Our neighbourhood is also part of a region riddled with paradoxes. While South Asia has one of the world’s most rapidly expanding markets, the gap between rich and poor people, as also rich and poor sub-regions, has grown dramatically, making it a subcontinent of sharp divergences. While individual States are integrating with the global economy, with India increasing its foreign trade three-fold between 2006 and 2012 to nearly $800 billion, intra-regional trade remains well below double-digit figures, making South Asia the least economically integrated area in the world. South Asian States are connected more to the outside world than to each other.
Could we expect any better in 2014?
This is unlikely, especially in relation to Pakistan. Successive attacks in 2008, first the July 7 bombing of the Indian Mission in Kabul, followed by the massacre in Mumbai on November 26, have become indelible reminders of the direct nexus between Pakistan-based terrorist groups and the Pakistan Army.
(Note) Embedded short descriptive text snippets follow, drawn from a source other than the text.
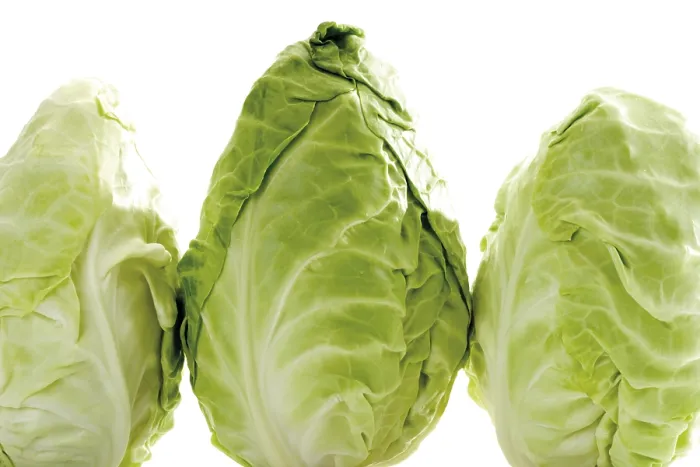 Gerahmter Druck : Gekrümmte Kohl, drei Köpfe. Gerahmter Druck : Gekrümmte Kohl, drei Köpfe.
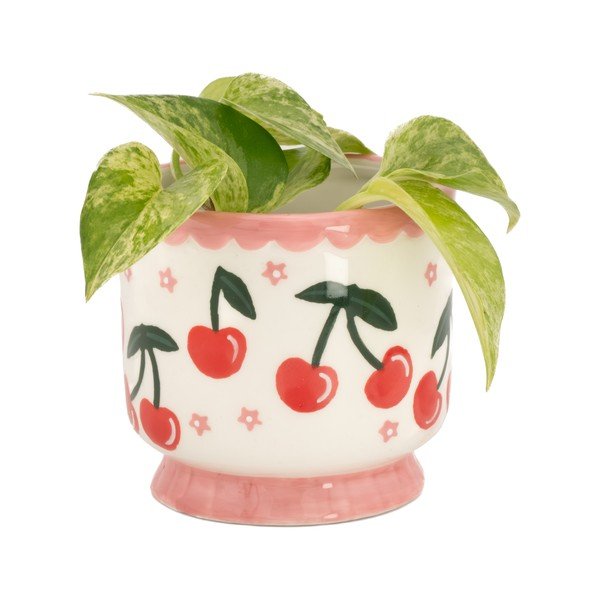 Keramikas puķu poda apvalks ø 7,5 cm Fruit – Sass & Belle-image-1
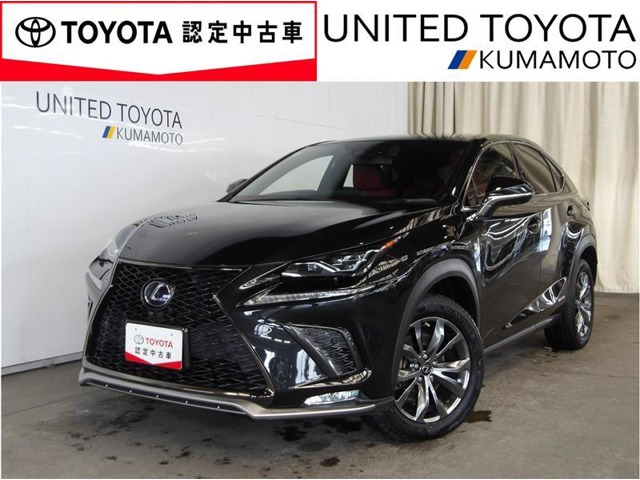 NX 300h Fスポーツ 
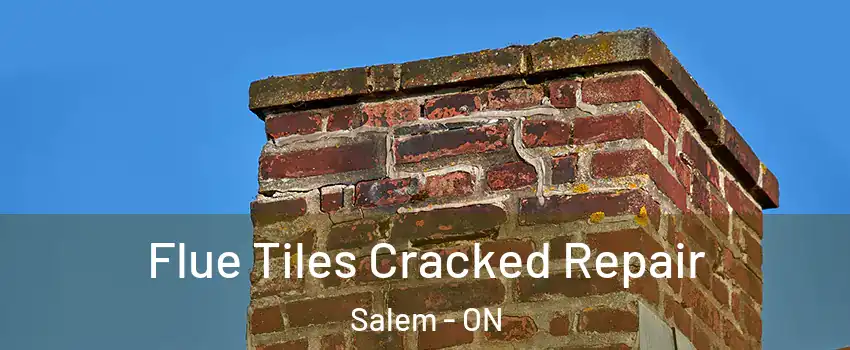  Flue Tiles Cracked Repair Salem - ON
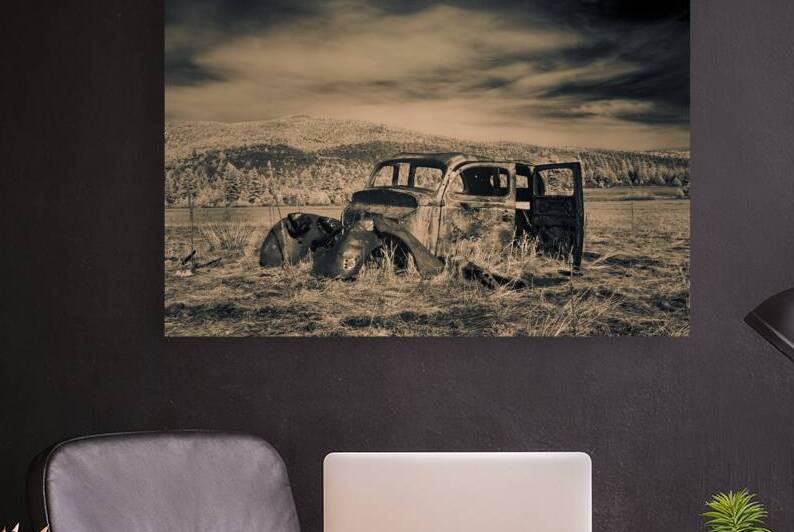 Ranch Park Relic - Susanville California by Mike Lee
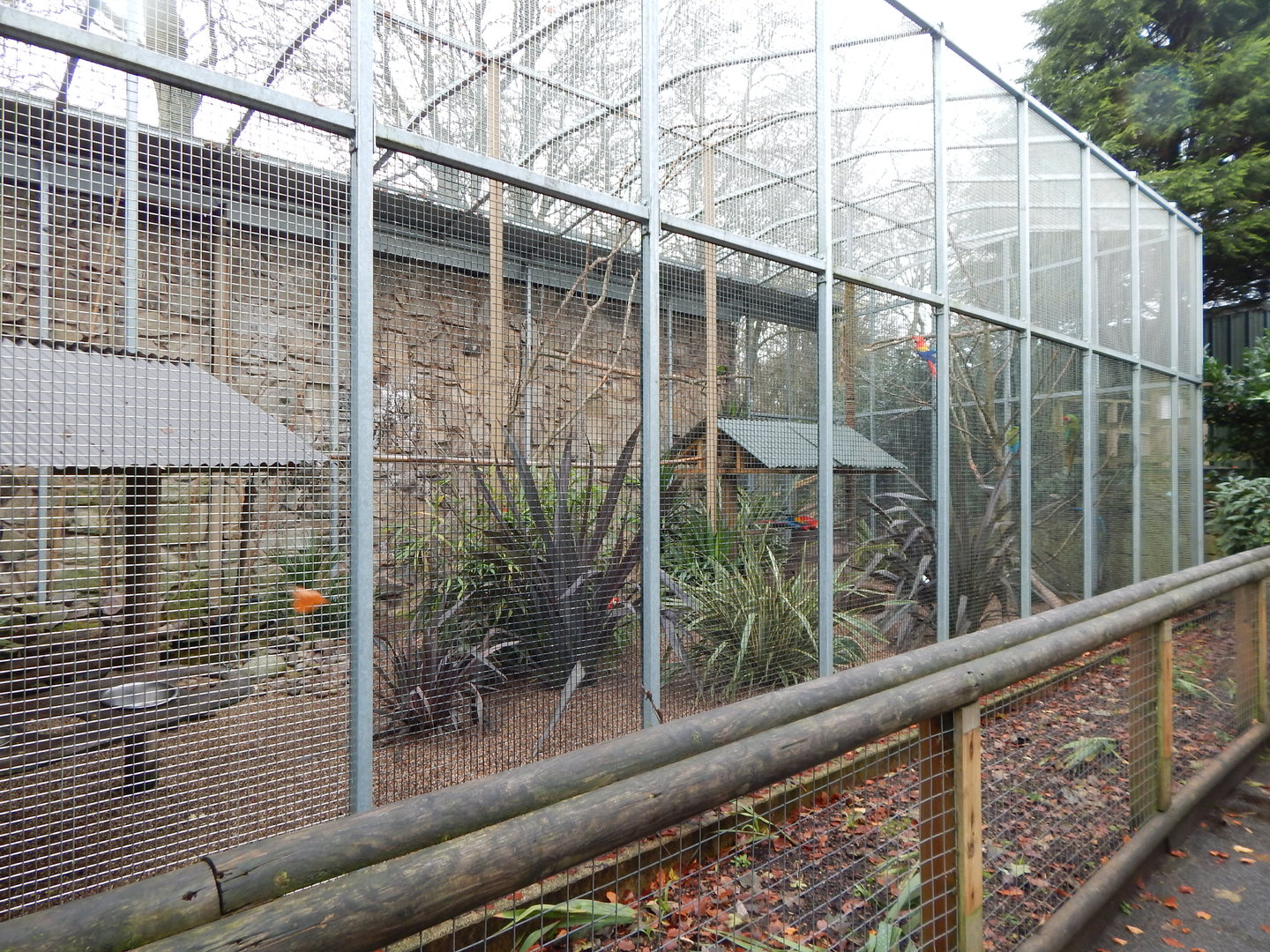Mixed macaw aviary 241122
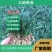 麦冬草种子，玉龙草种子，多年生宽叶矮化金边麦冬草籽批发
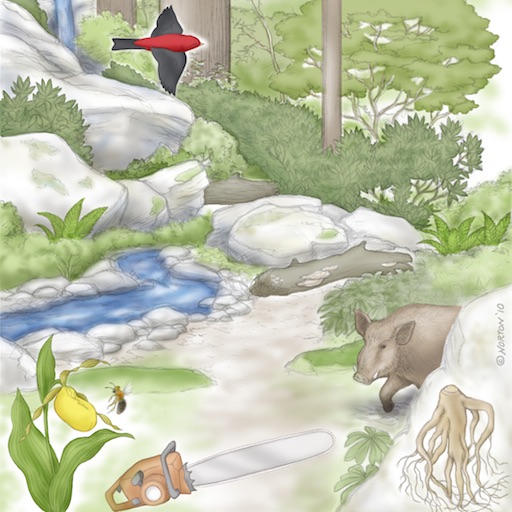 Cove Forest Virtual Field Trip icon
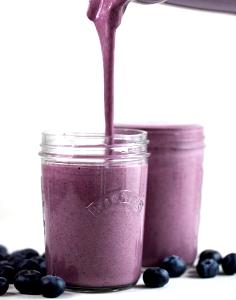 1 Fl Oz Blueberry Smoothie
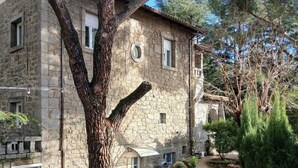 A stone building with a large tree in front, a pathway, and potted plants.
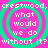 Pixelated text on a pink background with green concentric circles, repeating 'crestedwood, what would we do without it?' in a pattern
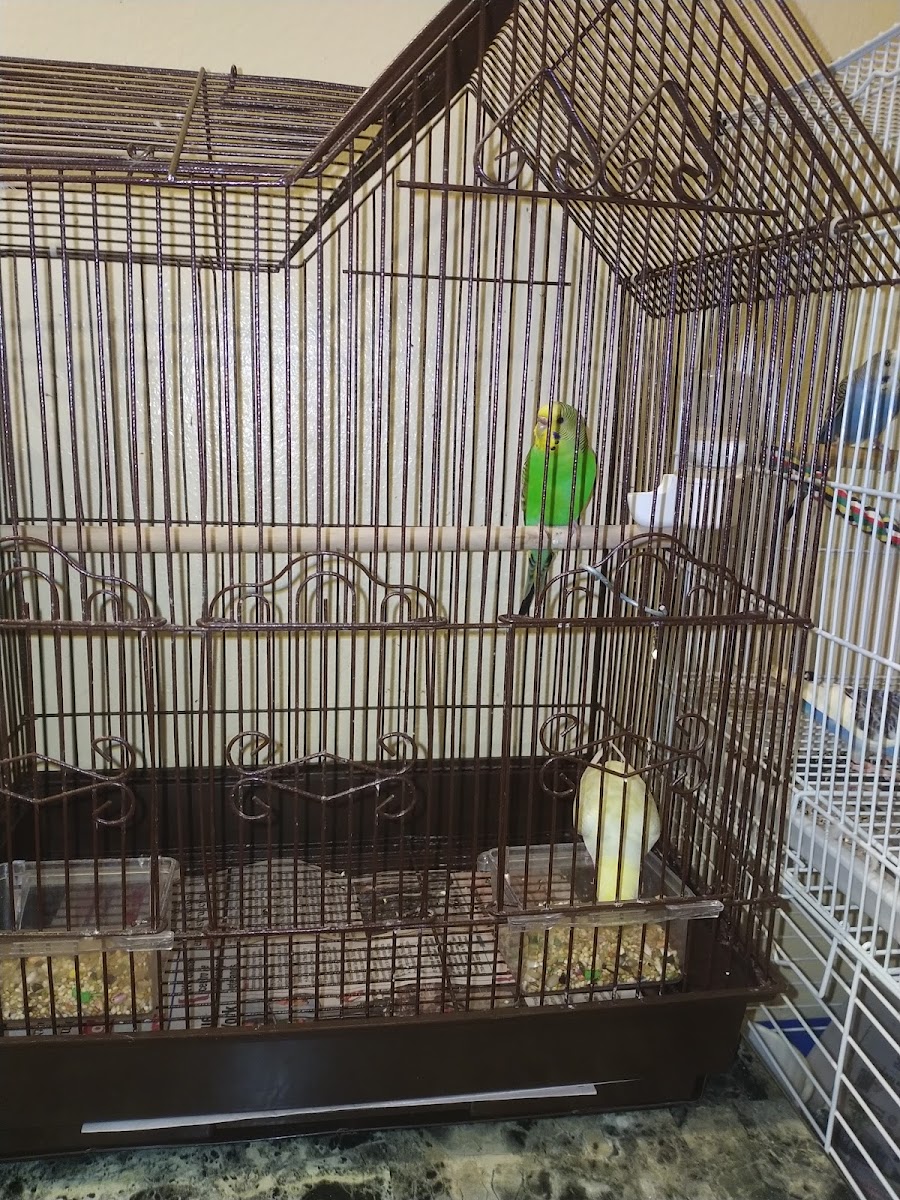 Pet City photo 1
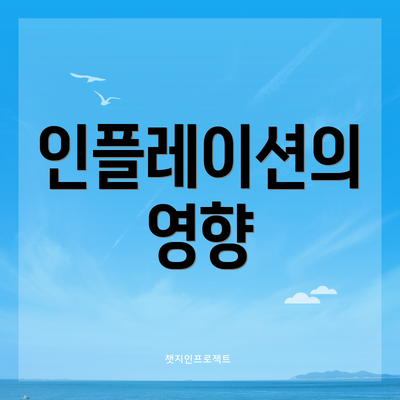 인플레이션의 영향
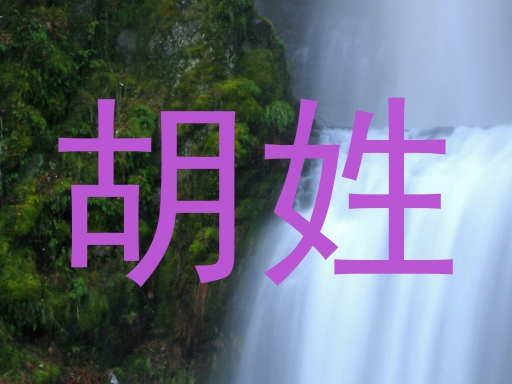 胡姓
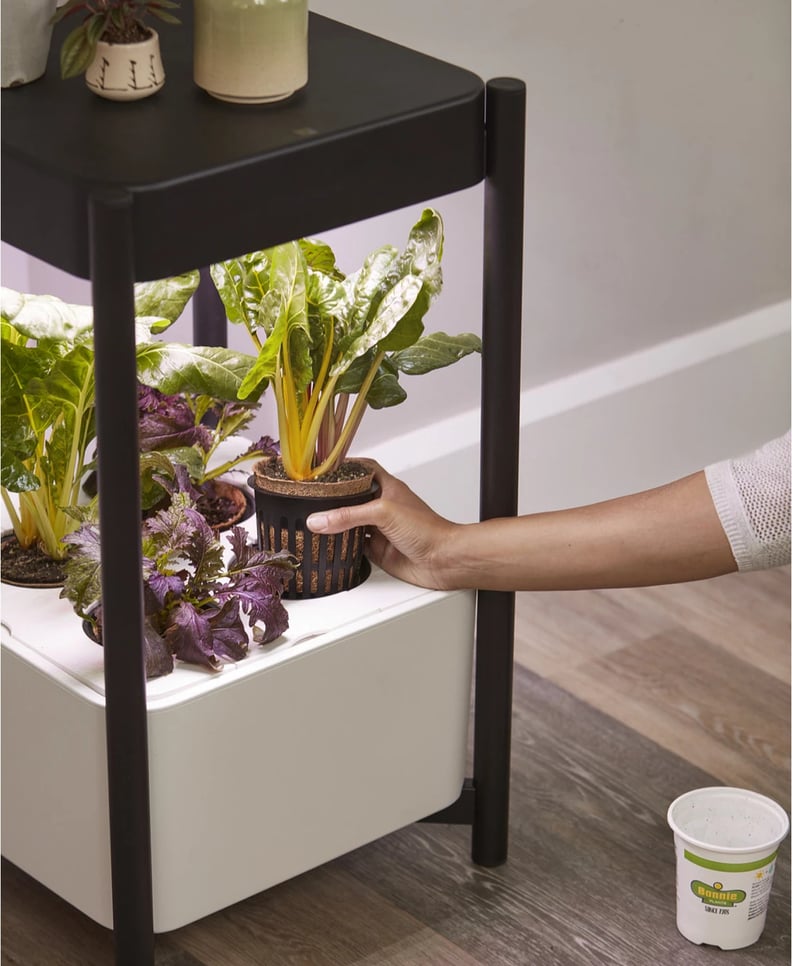 For Plant Parents: Miracle-Gro Twelve Indoor Growing System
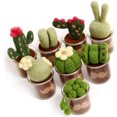 thumbnail image 1 of Full Range of Needle Felting Kit, Kissbuty Cactus Wool Felted Set for Adults and Beginners Including Wool Roving for 8 Succulents, Foam Mat, Glass Pots, Needles, Finger Guards Tools Kit, 1 of 5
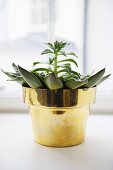 Plant in brass pot on windowsill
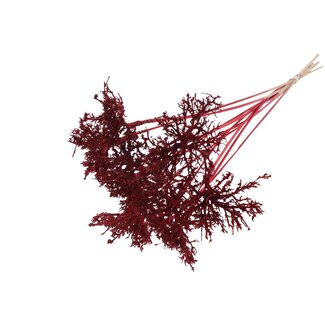 QC Dry Tree on stick | Colour: Red | Dry Tree Stick | Stick length ± 50 centimetres | 10 sticks per bunch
Afghan and Indian officials were quick to spot the ISI hand in these events. WikiLeaks cables subsequently confirmed this. Senior US CIA officials confronted their Pakistani counterparts with evidence that the ISI helped plan the attack on the Indian Mission, besides tasking the Haqqani network to kill Indian officials, development workers and engineers in Afghanistan. Similar evidence is available regarding the Mumbai attack. There is little proof that this nexus has since been broken.
There was early promise that, post-elections, Pakistan would take quick action on the Mumbai attack perpetrators and resume the eight-segment bilateral dialogue. India remained undeterred in its efforts to pursue peace initiatives even in the face of continued incidents of terrorism, but the subsequent Line of Control violations derailed the dialogue process. Nawaz Sharif has himself come to the conclusion that no movement can be expected until India’s Lok Sabha elections next year.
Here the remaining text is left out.